Men in the village who had children under five were included in the follow up interviews to give a broader perspective on water security, as they might have a differing perspective on water prioritisation and use. Village chiefs (Alkalos)/ elders were also interviewed in each village to give a broader background perspective on how resources are managed, and wider community issues related to water.

2.3 Data collection

Data were collected from April to May 2022 at the end of the dry season. For the first round of data collection conducted in April, semi-structured interviews with three women in each village (four in the pilot: two transect walks and two in-depth interviews) were conducted (see Table 1). A transect walk was also conducted with one of these women at the end of the interview (see Table 1), where they were asked to walk the research team through their household and/or community to key points where they interact with water and take photos of what they consider to be important.

During the follow up interviews conducted in May, one man in each village was interviewed using a refined topic guide. An Alkalo (village chief)/elder in each village was also interviewed using a broader topic guide that focused on community issues.

A total of 46 participants were interviewed: 28 women; 9 men and 9 village chiefs (Alkalos)/elders (see Table 1 for the participant breakdown).

Data were collected by a team of three researchers (two field workers and IB). The field workers were both from villages around Kiang West, one was Fula (and fluent in Mandinka) and one was Mandinka. Interviews were conducted by the field workers in either Fula or Mandinka, depending on what was preferred by the participant. One interview with a village chief was conducted in English by IB. Throughout this period IB was primarily based in a village in Kiang West or in Basse and made detailed notes on any observations of the environment related to water use and access.

Prior to the interviews the field workers were trained by IB in the topic guides, and these were adapted to better fit the needs of the context. After piloting, this guide was further modified, and the interview process was also adapted iteratively based on the findings from the interviews. All topic guides are available at Bose et al., 2024 [47]. The interviews were carried out in the villages in a private location around participants’ homes. The first round of interviews was conducted during Ramadan, so efforts were made to ensure that the interviews were not too taxing for either the participant or the field team.

2.4 Data transcription and analysis

All interviews were recorded, orally translated into English by the field worker, and transcribed by IB. The translation and transcription process was interspersed throughout the fieldwork period, so that the interview guides could be modified according to the findings emerging from the prior interviews. These transcripts were then checked by OC (social scientist at the MRC Unit The Gambia) for quality control purposes.
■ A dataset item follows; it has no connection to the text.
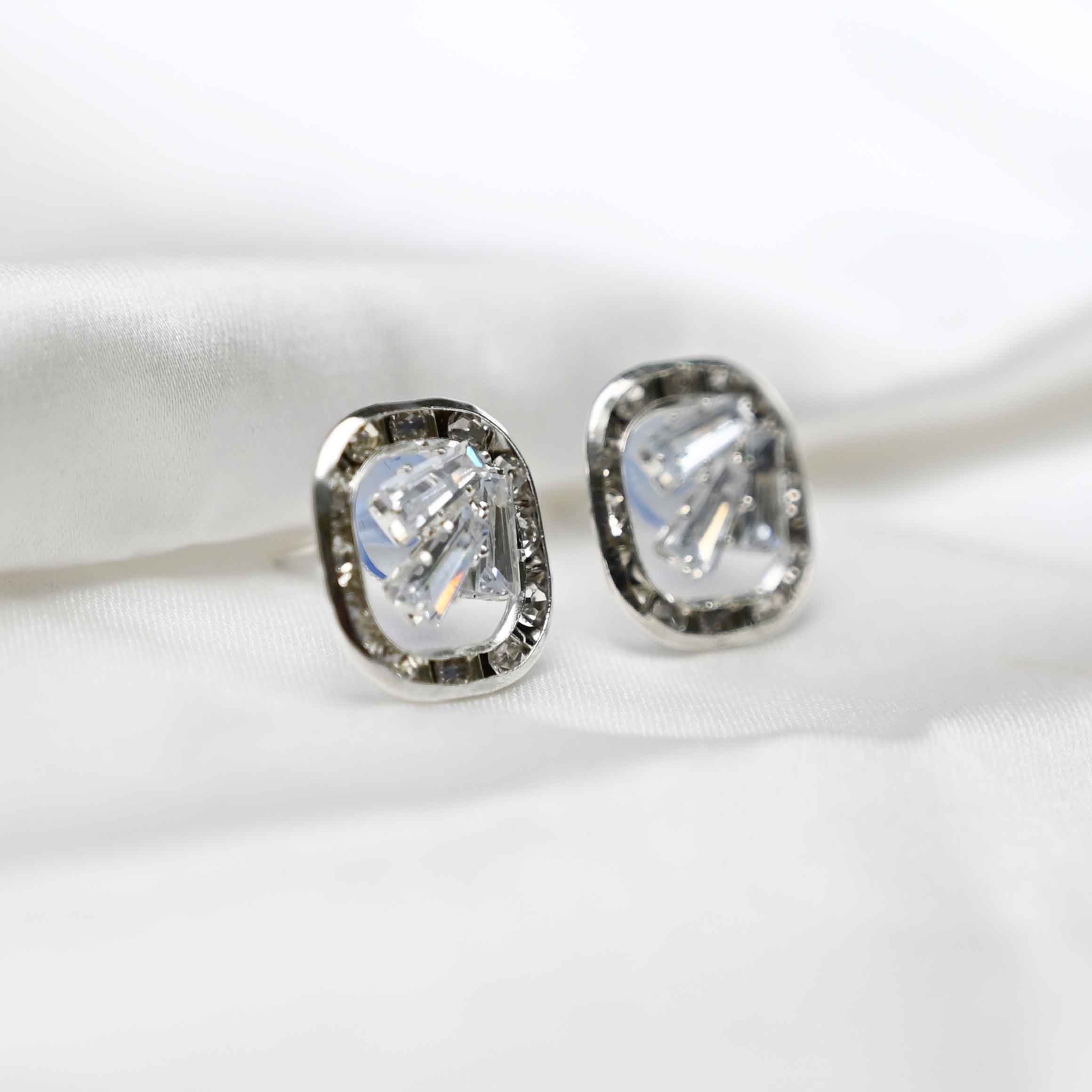 Cubed crystal earrings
A thematic analysis approach was taken to analyse the data [48], using an iterative process of both inductive and deductive coding. Initial codes were developed based on the themes emerging from the data. This coding framework was then refined and re-grouped according to prior literature, the initial objectives of the study and an a priori conceptual framework developed during the design of the study (see Bose et al., 2024 [47] for coding framework). The follow-up questionnaire was also designed based on preliminary findings from the first round of interviews.
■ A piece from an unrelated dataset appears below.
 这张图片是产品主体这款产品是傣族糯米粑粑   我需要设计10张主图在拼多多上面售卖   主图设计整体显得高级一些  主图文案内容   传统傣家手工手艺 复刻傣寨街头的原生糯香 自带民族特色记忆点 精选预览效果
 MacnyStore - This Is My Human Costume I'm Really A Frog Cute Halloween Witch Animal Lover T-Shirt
The verified English transcripts of the in-depth interviews were then uploaded into NVivo [49] and coded according to the refined thematic codebook. The field notes and photos were reviewed and summarised and then coded in NVivo [49].

2.5 Ethical approval

Prior to the interviews the community was sensitised on the objectives of the research and each participant provided written consent. The field team verbally read through the consent form in the language that they were most comfortable with and answered any questions they had. Many of the participants were not literate so provided thumbprints with impartial witnesses present, who also provided their thumbprint or signature. Participants were informed they could stop the interview at any time and did not have to discuss anything they did not feel comfortable with. All names during the transcription process were changed to unique identifiers to protect the participant’s identity. Photographs were also stored using these unique identifiers.
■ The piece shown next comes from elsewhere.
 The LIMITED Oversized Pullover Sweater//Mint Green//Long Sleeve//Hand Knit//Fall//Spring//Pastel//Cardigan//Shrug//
This study was reviewed and approved by the Scientific Coordinating Committee of the MRC Unit The Gambia and ethics approval was provided by the Gambian Ethics Committee and the LSHTM Observational/Interventions Research Ethics Committee (Ref: 26658).

3. Results

3.1 Participant characteristics

Table 2 shows the socio-demographic characteristics of the participants. Most participants either identified as Mandinka (51%) or Fula (42%), with the majority of Fula participants based in Basse and the majority of Mandinka participants based in Kiang West. Most participants engaged in agriculture as their main source of income. Only one person reported business as their primary source of income, although a few reported having other sources of supplemental income, such as through construction, a small business or other activities. Most participants had not had any schooling (57% of women, 67% of men). All participants had access to a water source (usually multiple water sources) within their village or compound and there was at least one ‘improved water source’ available in each of the villages. The household size of participants varied from 4 to over 40, with communities in Basse typically reporting larger household sizes.

3.2 Water sources

Most participants reported regularly using multiple water sources in their villages to collect enough water to meet their domestic needs. Sources included taps fed by solar-powered pumps in boreholes, handpumps, wells (covered and uncovered) and in one instance the river (see photos of sources in Fig B-E in S1 Appendix). Some of these sources, such as the solar-powered pumps were relatively new, with some sources only constructed within the last year or two, but some sources had been present for over a decade. During the rainy season most participants also collected rainwater using large buckets that collected the runoff from their corrugate iron roofs.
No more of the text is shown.